Les observations émises par la DIRRECTE en date du 7 décembre 2016 à destination de la Ministre du travail saisie d’un recours à l’encontre de la décision de refus par l’inspection du travail d’autoriser le licenciement des délégués du personnel viennent, en outre, conforter cette analyse. Cette direction souligne, en effet, qu’une commande exceptionnelle de gasoil a été constatée pour un volume de 24 000 litres correspondant à la consommation annuelle de la société UNICOURSES DISTRBUTION, avant de disparaître par conteneurs au profit des autres sociétés du groupe.
De la même façon, plusieurs chèques émis par M. [Z], et inexpliqués pour un montant total de 10375,20 euros ont, en outre, été évoqués, dans un mail adressé à ce dirigeant, par le comptable de la société UNICOURSES DISTRIBUTION, étant précisé que ce dernier a mis fin à ces jours courant novembre 2015, le caractère professionnel de ce suicide ayant, en outre, été reconnu.
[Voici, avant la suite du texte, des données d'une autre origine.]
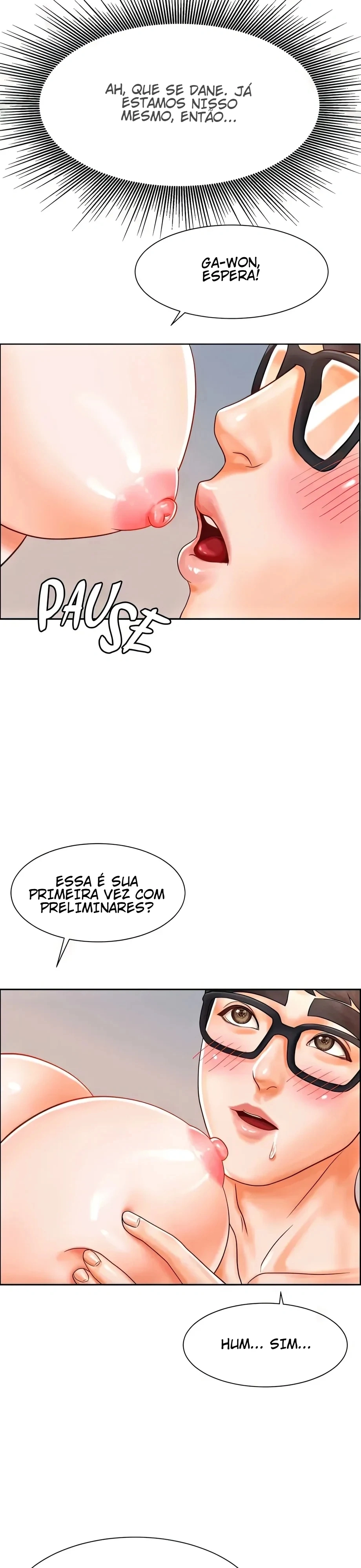 Clube de Quadrinhos Eróticos Capítulo 8 Página 18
Il ressort également des éléments comptables (extraits de compte CDN) produits qu’au début de l’année 2016, plusieurs virements injustifiés, sans lien avec une quelconque facture, ont été réalisés par la société UNICOURSES DISTRIBUTION en faveur de la société TRANSSAME et de la société VPO UNICOURSES ( 18 janvier 2016 : 6500 euros à la société VPO UNICOURSES / 10 février 2016 : 15000 euros à la société TRANSSAME / 12 février 2016 : 4000 euros en faveur de la société TRANSSAME), ce alors que la déclaration de cessation des paiements par M. [H] était imminente (4 mars 2016).
Ces différents éléments conduisent, dès lors, à retenir l’existence d’une faute imputable à la société UNICOURSES DISTRIBUTION laquelle a cédé l’intégralité des véhicules dont elle était propriétaire sans contrepartie financière effective, à un prix minoré non inscrit dans ses comptes, a utilisé une partie de ses fonds pour financer l’achat de carburants pour d’autres sociétés du groupe, ou encore a effectué plusieurs paiements sans cause au profit d’autres sociétés du groupe, quelques semaines avant l’ouverture de la procédure de liquidation judiciaire.
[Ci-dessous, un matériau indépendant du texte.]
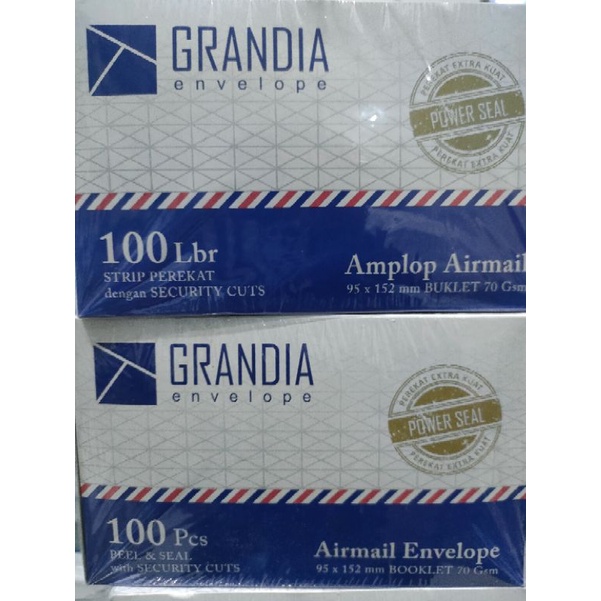 

Amplop Lem Grandia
Ainsi, au cours de l’année 2015, la SARL UNICOURSES DISTRIBUTION a été progressivement vidée de sa substance au profit des deux autres sociétés du groupe et en particulier la société TRANSPORT ET MESSAGERIE.
Par ailleurs, cette faute caractérisée par cette vente d’actifs isolés et la dilapidation des fonds de la société UNICOURSES DISTRIBUTION s’est inscrite plus largement dans une opération de fraude aux dispositions de l’article L1224-1 du code du travail.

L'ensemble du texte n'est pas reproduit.